The slug had evidently enjoyed some fine dining on rat shit before the teen ate it for a snack. And that’s how he got rat lungworm, an inappropriately named parasite that loves brains. The moral of this tragedy is this: the next time you have food on your mind, make sure it doesn’t contain rodent feces.

My visit with Michelle went well. She gnawed on carrots and celery while I enjoyed noodles smothered in cheese, garlic, and onions. I felt sorry for her; she’s going to feel really stupid when she’s old and dying from nothing.

10 March 2018

Exiled from San Quentin

Andy moved in with his sister Andrea “for a while,” but she told me it’s starting to look like a one-way trip.

“Can’t you set a reasonable limit on his stay and help him find a new place?” I suggested.

“It’s not that simple,” she explained. “The authorities forcibly separated him from his friends and the only community he’s known for the last twenty years. He doesn’t know what to do or where to go.”

“What authorities?” I asked. “Forced relocation? What happened?”

She told me that the bureaucrats running San Quentin State Prison had no choice but to force Andy to leave after he’d served his entire sentence for wire fraud. Andy would like to go back, but the technology has changed so much during his incarceration that he has no idea of how to return to a life of crime except to hire Russians, something he can’t begin to afford.

It appears that Andy and Andrea will be together for rather a long time. What a damning indictment of the American penal system!

11 March 2018

Daylight Savings Crime

Henry David Thoreau died over fifty years before the Germans came up with Daylight Savings Time to conserve energy during World War I.
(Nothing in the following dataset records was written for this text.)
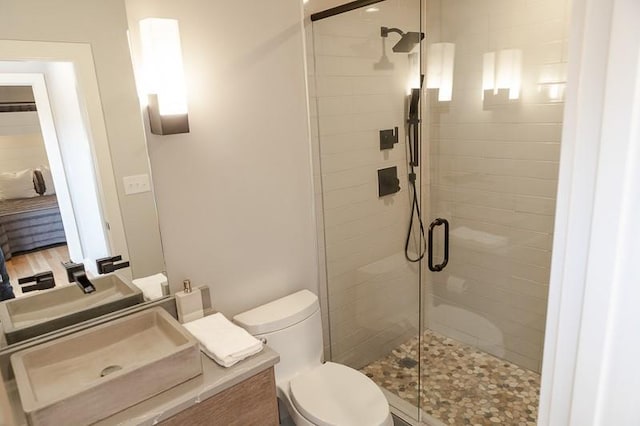 bathroom with vanity, toilet, and walk in shower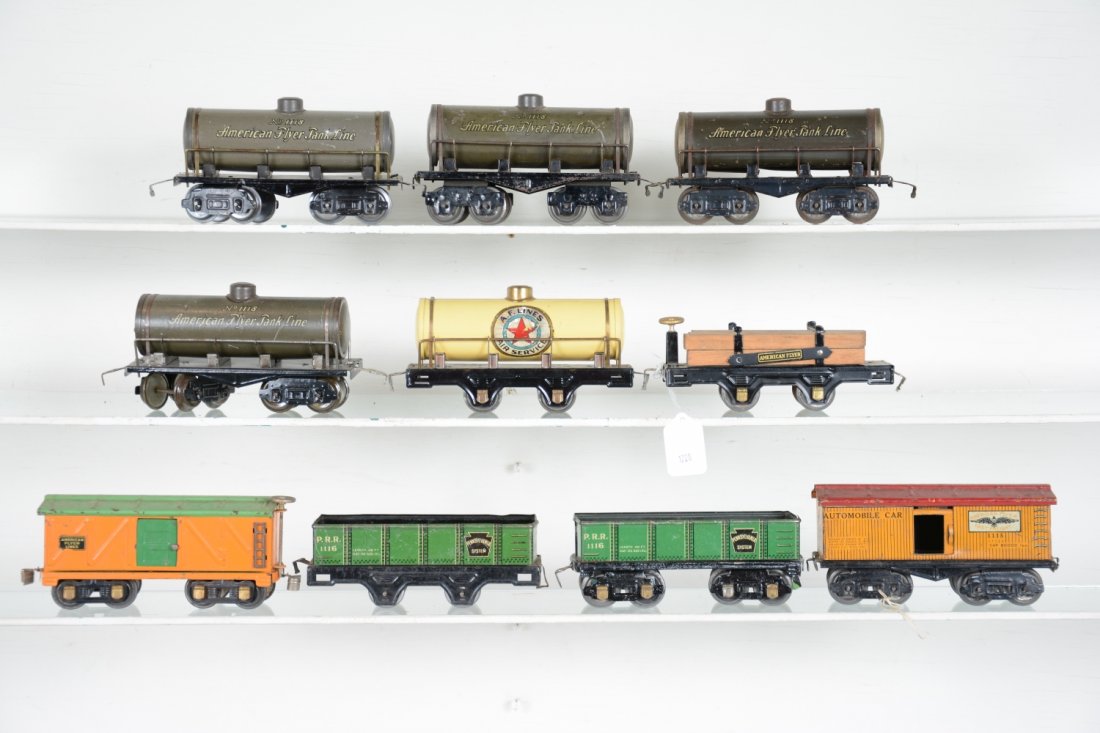 10 American Flyer Freight Cars: Includes 4 #1118 tank cars; 2 #1116 PRR gondolas; 1115 boxcar, roof repainted; 229 boxcar; 231 tank car restored; 241 lumber car, restored. Rest show light to moderate playwear, C6-7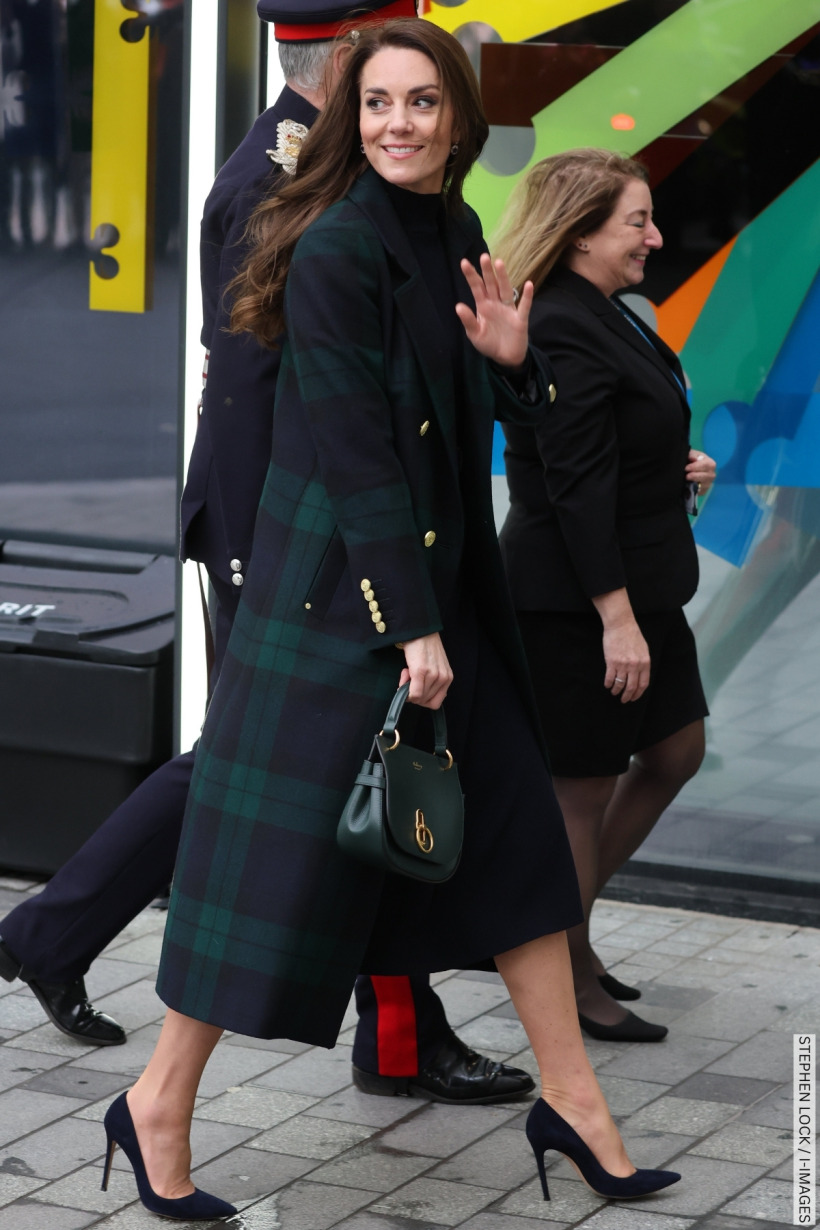 The Princess of Wales walks into a building wearing a green and blue tartan coat, carrying a green handbag. 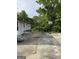 Concrete patio space in backyard with a basketball hoop, picnic table, and back entrance to home at 5225 Silhouette Sw Ln, Mableton, GA 30126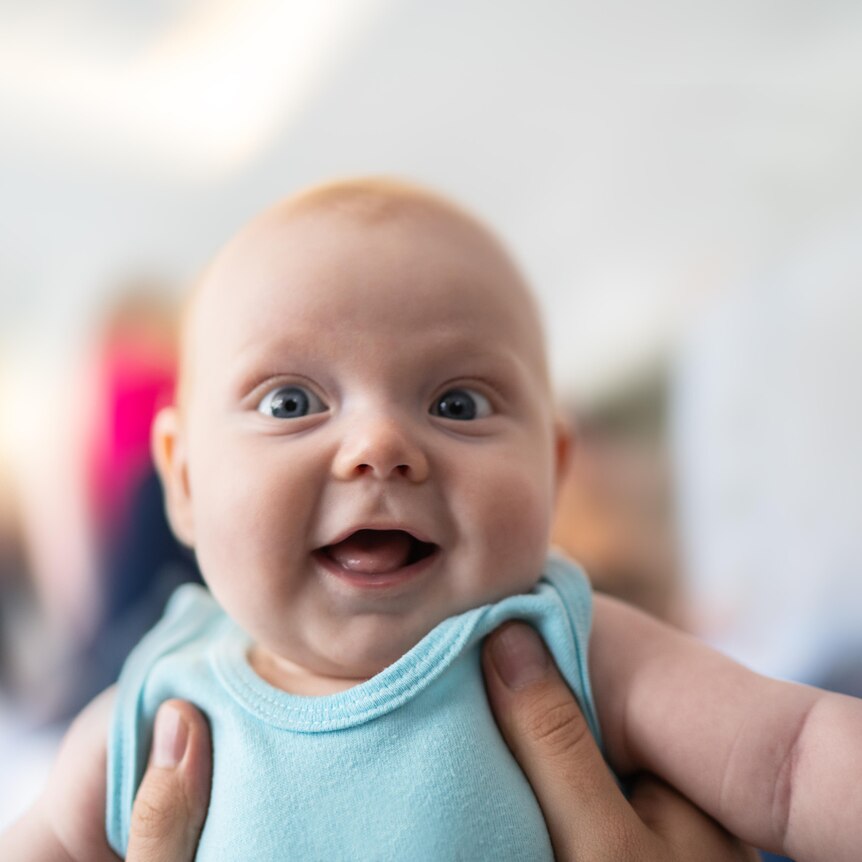 An image of a smiling baby. They're being held up to face the camera.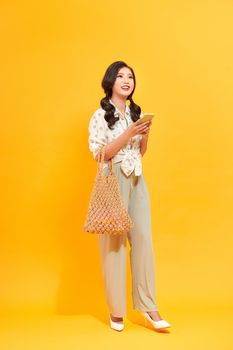 pretty young asian lady looking excited and happy using her phone, carrying a handbag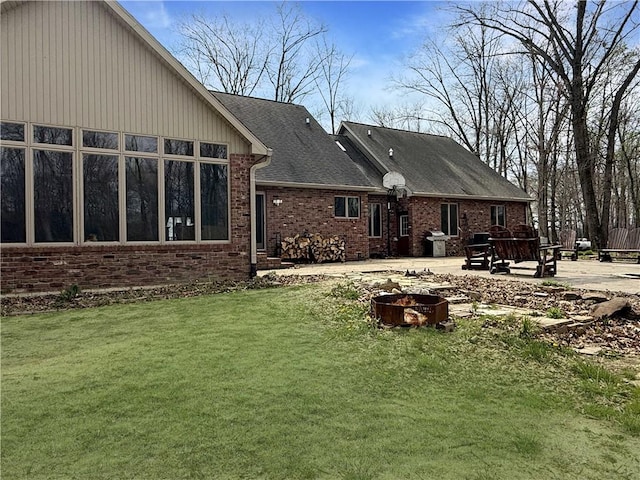 back of house with brick siding, a yard, and a patio area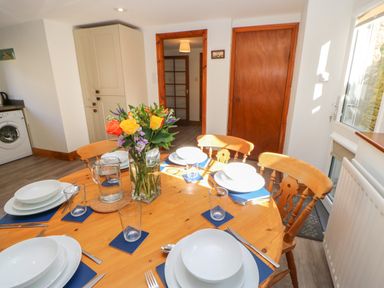 A dining table set with plates glasses and cutlery with a vase of flowers in a kitchen at The Forge in Allendale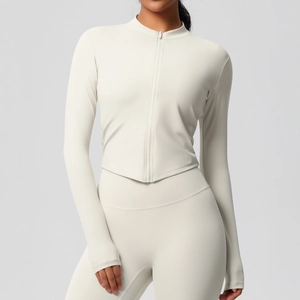 Ensemble de yoga blanc crème pour femme avec veste zippée ajustée et legging taille haute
Thoreau is the hombre what wrote, “I cannot make my days longer so I strive to make them better.” That’s what he said, so I’m glad he’s dead and doesn’t have to endure the injustice of this twenty-three hour day.

Feh!

Government regulators promise to return the missing hour in late autumn. For once, I believe them since they always have, but they always give it back without interest on the involuntary loan. Typical.

I’d protest by organizing a public clock burning except that no one has a physical clock anymore. And, as Elaine sagely observed, I couldn’t organize a piss-up in a brewery. (That phrase sounds a lot better with her charmingly abrasive cockney accent.)

12 March 2018

Here Lies David Glenn Rinehart

Once upon a time, Richard Avedon quipped that he’d title the autobiography he had no intention of writing, Here Lies Richard Avedon. Since Avedon never used it, I may. Here Lies David Glenn Rinehart has a nice ring to it, no?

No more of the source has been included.